Python bindings for the sshash compressed k-mer dictionary
Project description
sshash
Python bindings for sshash-rs — a compressed dictionary for DNA k-mers based on Sparse and Skew Hashing.
sshash stores a set of k-mers (strings of length k over {A, C, G, T}) compactly using minimal perfect hashing and succinct data structures (Elias-Fano, BitFieldVec), and supports fast individual and streaming lookups. It is the k-mer index underlying the piscem read mapper.
Installation
pip install sshash
Building an index
From a FASTA/FASTQ file
import sshash
config = sshash.BuildConfig(k=31, m=19)
config.canonical = True # k-mer and its reverse complement map to the same entry
config.threads = 8 # parallel build (0 = all cores)
config.verbose = False
dict = config.build_from_file("sequences.fa.gz")
dict.save("my_index")
From a list of sequences in memory
config = sshash.BuildConfig(k=31, m=19)
sequences = ["ACGTACGTACGTACGTACGTACGTACGTACG",
"TTGCAACCGTTAGCAACGTACGTACGTACGT"]
dict = config.build(sequences)
From a Cuttlefish .cf_seg file
When sequences come from Cuttlefish, build_from_cf_seg also returns a mapping from sshash string IDs back to the original Cuttlefish node IDs:
config = sshash.BuildConfig(k=31, m=19)
dict, segment_ids = config.build_from_cf_seg("unitigs.cf_seg")

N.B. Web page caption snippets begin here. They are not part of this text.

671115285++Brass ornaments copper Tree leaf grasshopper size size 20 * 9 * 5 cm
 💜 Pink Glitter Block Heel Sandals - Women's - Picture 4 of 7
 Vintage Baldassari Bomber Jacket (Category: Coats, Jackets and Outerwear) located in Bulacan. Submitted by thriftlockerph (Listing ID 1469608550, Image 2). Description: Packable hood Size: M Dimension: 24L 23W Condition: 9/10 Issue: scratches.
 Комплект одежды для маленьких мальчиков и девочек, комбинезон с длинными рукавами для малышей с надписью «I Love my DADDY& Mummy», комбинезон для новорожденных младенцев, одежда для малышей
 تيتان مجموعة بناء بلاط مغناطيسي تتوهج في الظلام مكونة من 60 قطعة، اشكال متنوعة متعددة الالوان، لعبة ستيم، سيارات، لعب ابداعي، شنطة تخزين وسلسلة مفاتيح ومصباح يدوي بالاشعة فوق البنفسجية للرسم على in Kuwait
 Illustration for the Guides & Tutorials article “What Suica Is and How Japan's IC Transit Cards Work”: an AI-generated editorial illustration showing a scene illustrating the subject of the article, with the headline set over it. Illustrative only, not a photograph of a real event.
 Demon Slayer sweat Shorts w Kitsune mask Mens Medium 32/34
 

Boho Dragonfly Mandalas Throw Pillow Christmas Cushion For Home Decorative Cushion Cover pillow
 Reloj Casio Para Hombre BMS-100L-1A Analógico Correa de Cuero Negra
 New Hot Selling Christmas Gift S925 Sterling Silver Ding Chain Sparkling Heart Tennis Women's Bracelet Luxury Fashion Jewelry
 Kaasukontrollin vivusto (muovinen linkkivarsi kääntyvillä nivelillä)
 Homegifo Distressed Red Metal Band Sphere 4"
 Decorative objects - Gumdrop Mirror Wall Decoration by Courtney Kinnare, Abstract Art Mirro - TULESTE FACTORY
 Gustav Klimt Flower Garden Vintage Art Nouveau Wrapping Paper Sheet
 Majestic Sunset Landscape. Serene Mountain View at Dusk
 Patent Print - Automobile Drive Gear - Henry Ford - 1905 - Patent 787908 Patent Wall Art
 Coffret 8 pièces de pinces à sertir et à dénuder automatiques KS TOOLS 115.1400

# segment_ids[i] is the Cuttlefish node ID for sshash string_id i
Loading and saving
# Save to disk (writes <prefix>.ssi and <prefix>.ssi.mphf)
dict.save("my_index")
# Load from disk
dict = sshash.Dictionary.load("my_index")
Querying
Single k-mer lookup
# Returns a Hit object, or None if not found
hit = dict.query("ACGTACGTACGTACGTACGTACGTACGTACG")
if hit is not None:
print(hit.kmer_id) # global k-mer ID
print(hit.string_id) # unitig containing this k-mer
print(hit.kmer_id_in_string) # position within that unitig
print(hit.orientation) # +1 forward, -1 reverse complement
# Just the k-mer ID (faster if location info isn't needed)
kmer_id = dict.lookup("ACGTACGTACGTACGTACGTACGTACGTACG") # None if absent
# Membership test
present = dict.contains("ACGTACGTACGTACGTACGTACGTACGTACG")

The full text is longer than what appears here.